More than 1,000 adults have been counted at the Veazie trap so far this year, up slightly from last year and roughly double the returns in 2000. Roughly 70 adults have shown up in Maine’s other rivers, which is three times as many as in 2005.
Biologists caution that manageable water levels and construction of an additional trap on the Kennebec River inflated this year’s count. But even omitting the Kennebec returns, this year’s adult counts outside of the Penobscot are still the highest since 2001 and the second-highest since 1996.
Nearly everyone involved in Maine’s restoration program predicts that an ambitious, collaborative effort to demolish two Penobscot dams and bypass a third offers the best chance at boosting salmon populations.
Maine politicians, environmental and conservation groups are scrambling to raise the $50 million needed to purchase the three dams. If successful, the river restoration plan could lead to 10,000 or more fish returning to the Penobscot alone each year, Keliher said.
Positive sign?
Sometimes a glimmer of hope appears where none was expected. That’s exactly what happened this summer in Cove Brook, a tiny Penobscot tributary, during a routine survey of the stream’s aquatic inhabitants.
Peter Ruksznis, an ASC biologist, carried on his back a large plastic contraption that looked like something out of the movie “Ghostbusters” as he and assistant Jason Czapiga strolled the brook with nets. Rubber boots protected the men from the electric shock waves the backpack contraption sent rippling through the water.
The electric currents temporarily stunned any aquatic animals in the immediate vicinity, allowing the biologists to easily net the fish, frogs and eels as they rose to the surface. The biologists noted the species and released the critters, which quickly regained their senses and swam away.
Ruksznis “electro-fishes” this unassuming brook year after year to document its aquatic diversity. Cove Brook is one of eight waterways in Maine that the federal government says harbor populations of genetically distinct salmon protected under the Endangered Species Act.
The biologists usually find plenty of fish in Cove Brook, but not the endangered kind.
“There were salmon here six years ago, but just a few,” he said. “I haven’t seen any since. Historically, there were a lot of salmon here.”
Moments later, however, a baby salmon popped to the surface amid the plethora of brook trout, suckers and eels. The men measured the 21/2-inch fish and took a small clipping from its fin to determine its genetic lineage.
Because of tight budgets and space constraints at the hatcheries, Cove Brook and the Ducktrap River receive no hatchery-raised fish despite the federal protection. Biologists said they reluctantly “left out” the two small streams to focus on the rivers with the most potential for big returns.
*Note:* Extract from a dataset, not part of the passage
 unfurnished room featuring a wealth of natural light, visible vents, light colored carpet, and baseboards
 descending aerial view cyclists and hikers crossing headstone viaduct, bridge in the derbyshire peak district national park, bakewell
So are Cove Brook’s wild salmon populations rebounding on their own?
Ruksznis was pleased, but by no means elated, by the find. He speculated that the tiny fish’s parents could have strayed into the brook from the Penobscot. The worst-case scenario is that an adult aquaculture escapee found the brook and a mate and was now “diluting” the wild gene pool with weaker, biologically inferior offspring.
Ideally, two adults born in Cove Brook managed to survive to sexual maturity and somehow returned home to spawn.
Unfortunately, that would be the only salmon the two men found in Cove Brook that day. They put the months-old fish back into the stream, knowing the odds were slim of finding it or its offspring in Cove Brook again a few years from now.
While finding a young salmon was definitely a “good sign,” Cove Brook will need to produce many more salmon to recover, Ruksznis said.
“That one little fish doesn’t amount to much,” he said.
Still, Ruksznis and others involved in the restoration are not ready to give up on a species that holds such an honored place in Maine history and culture.
“I know I remain optimistic. I know the [ASC] board of commissioners is optimistic,” Keliher said. “And we continue to see staff working their tails off.”